> _Task instructions_
Please transcribe exactly, and only, the lines of the data below between the line holding "Even without pop, the" and the line holding "If the printer is using a USB", inclusive.

> _Extracted entries_
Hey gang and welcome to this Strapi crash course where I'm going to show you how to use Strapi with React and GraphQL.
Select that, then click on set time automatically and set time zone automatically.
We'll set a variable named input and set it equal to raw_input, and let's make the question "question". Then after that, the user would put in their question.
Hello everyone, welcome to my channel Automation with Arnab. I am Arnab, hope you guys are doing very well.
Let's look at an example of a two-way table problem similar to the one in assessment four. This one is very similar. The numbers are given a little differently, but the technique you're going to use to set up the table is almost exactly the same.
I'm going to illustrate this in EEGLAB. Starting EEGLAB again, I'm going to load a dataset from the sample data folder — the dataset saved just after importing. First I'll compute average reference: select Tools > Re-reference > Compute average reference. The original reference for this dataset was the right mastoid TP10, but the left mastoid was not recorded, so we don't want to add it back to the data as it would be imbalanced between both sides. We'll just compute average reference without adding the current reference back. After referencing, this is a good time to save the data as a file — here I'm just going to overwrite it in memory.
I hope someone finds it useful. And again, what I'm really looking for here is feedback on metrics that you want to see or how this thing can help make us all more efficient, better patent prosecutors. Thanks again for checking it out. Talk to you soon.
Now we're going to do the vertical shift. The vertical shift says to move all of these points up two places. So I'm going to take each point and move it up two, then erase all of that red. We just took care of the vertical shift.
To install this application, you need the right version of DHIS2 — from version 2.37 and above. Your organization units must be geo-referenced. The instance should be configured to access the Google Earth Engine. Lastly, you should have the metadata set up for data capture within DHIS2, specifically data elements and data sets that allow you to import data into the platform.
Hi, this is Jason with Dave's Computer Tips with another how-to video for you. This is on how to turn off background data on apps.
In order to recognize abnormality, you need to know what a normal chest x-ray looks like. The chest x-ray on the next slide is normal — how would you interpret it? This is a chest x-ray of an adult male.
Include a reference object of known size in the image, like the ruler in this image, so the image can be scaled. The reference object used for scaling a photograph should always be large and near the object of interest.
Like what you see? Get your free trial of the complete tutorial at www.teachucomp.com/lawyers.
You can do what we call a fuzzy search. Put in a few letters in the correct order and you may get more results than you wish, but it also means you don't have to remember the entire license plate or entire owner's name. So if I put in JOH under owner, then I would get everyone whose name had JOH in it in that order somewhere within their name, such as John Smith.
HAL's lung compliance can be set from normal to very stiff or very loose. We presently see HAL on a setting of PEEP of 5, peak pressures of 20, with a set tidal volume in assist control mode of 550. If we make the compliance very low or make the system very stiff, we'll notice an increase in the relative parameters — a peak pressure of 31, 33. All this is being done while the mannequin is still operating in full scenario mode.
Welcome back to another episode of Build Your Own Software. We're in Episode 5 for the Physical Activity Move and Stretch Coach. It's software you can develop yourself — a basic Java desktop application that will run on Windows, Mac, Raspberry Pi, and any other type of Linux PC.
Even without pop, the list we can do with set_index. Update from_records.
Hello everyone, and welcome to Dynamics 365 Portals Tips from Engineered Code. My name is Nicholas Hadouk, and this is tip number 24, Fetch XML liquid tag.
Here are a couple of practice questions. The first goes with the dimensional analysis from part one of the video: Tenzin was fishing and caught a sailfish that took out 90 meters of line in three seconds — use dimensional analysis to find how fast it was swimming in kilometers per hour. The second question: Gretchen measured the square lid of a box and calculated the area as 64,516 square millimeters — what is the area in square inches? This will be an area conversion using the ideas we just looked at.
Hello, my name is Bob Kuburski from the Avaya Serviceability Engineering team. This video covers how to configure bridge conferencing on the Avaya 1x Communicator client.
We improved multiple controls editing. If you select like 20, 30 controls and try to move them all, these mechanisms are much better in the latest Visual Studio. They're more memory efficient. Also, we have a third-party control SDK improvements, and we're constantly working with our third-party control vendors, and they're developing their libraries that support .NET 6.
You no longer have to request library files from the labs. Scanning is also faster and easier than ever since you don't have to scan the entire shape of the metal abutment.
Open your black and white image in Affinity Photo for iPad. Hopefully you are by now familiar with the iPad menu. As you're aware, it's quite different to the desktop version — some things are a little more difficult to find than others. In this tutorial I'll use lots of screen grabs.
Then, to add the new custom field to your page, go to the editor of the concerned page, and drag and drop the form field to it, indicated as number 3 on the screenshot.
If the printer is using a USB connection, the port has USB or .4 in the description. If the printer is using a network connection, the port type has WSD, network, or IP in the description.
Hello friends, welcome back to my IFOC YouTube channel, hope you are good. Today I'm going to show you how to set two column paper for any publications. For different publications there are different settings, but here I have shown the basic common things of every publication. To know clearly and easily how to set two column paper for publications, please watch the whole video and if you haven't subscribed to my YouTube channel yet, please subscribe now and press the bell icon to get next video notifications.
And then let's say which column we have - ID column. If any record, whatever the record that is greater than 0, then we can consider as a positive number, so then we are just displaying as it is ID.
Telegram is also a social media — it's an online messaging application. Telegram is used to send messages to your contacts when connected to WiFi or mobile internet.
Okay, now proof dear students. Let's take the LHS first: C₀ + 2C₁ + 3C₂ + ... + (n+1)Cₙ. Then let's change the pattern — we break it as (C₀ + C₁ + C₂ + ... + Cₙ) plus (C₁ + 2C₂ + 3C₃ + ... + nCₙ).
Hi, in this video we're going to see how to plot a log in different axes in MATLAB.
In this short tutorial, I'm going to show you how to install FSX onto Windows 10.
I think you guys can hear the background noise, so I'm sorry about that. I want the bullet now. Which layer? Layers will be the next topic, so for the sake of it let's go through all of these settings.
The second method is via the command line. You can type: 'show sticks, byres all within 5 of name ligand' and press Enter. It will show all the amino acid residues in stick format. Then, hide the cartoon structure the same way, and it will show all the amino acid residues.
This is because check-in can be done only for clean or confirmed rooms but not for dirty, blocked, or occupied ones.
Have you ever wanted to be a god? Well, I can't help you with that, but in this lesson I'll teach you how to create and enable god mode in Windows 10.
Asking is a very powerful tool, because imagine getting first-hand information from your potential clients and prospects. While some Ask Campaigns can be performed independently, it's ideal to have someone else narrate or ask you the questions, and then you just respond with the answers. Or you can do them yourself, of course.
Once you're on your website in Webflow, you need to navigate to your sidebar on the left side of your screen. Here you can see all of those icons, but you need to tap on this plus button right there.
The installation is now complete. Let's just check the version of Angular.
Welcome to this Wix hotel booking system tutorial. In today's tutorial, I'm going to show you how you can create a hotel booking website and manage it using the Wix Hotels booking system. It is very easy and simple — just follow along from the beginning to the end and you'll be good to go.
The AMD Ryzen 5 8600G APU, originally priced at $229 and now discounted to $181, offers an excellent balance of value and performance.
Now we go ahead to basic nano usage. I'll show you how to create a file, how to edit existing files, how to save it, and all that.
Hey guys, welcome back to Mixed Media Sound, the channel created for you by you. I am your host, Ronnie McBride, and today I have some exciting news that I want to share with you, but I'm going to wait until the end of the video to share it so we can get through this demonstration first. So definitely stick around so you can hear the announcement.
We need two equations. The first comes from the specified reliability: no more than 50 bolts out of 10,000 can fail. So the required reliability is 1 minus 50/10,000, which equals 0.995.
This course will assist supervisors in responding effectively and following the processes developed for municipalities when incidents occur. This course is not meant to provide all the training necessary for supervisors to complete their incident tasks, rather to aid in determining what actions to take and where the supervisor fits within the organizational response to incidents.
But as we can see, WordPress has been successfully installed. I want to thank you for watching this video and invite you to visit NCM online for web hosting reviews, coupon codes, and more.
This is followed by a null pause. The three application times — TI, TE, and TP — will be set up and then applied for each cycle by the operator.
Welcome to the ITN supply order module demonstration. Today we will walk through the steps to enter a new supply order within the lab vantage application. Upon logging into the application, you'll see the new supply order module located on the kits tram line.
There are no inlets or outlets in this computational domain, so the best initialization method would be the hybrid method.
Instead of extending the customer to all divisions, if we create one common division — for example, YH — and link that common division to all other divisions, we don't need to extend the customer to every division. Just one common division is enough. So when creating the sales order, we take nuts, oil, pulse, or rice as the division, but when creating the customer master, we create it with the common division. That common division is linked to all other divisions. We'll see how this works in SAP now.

> _Exercise output_
Even without pop, the list we can do with set_index. Update from_records.
Hello everyone, and welcome to Dynamics 365 Portals Tips from Engineered Code. My name is Nicholas Hadouk, and this is tip number 24, Fetch XML liquid tag.
Here are a couple of practice questions. The first goes with the dimensional analysis from part one of the video: Tenzin was fishing and caught a sailfish that took out 90 meters of line in three seconds — use dimensional analysis to find how fast it was swimming in kilometers per hour. The second question: Gretchen measured the square lid of a box and calculated the area as 64,516 square millimeters — what is the area in square inches? This will be an area conversion using the ideas we just looked at.
Hello, my name is Bob Kuburski from the Avaya Serviceability Engineering team. This video covers how to configure bridge conferencing on the Avaya 1x Communicator client.
We improved multiple controls editing. If you select like 20, 30 controls and try to move them all, these mechanisms are much better in the latest Visual Studio. They're more memory efficient. Also, we have a third-party control SDK improvements, and we're constantly working with our third-party control vendors, and they're developing their libraries that support .NET 6.
You no longer have to request library files from the labs. Scanning is also faster and easier than ever since you don't have to scan the entire shape of the metal abutment.
Open your black and white image in Affinity Photo for iPad. Hopefully you are by now familiar with the iPad menu. As you're aware, it's quite different to the desktop version — some things are a little more difficult to find than others. In this tutorial I'll use lots of screen grabs.
Then, to add the new custom field to your page, go to the editor of the concerned page, and drag and drop the form field to it, indicated as number 3 on the screenshot.
If the printer is using a USB connection, the port has USB or .4 in the description. If the printer is using a network connection, the port type has WSD, network, or IP in the description.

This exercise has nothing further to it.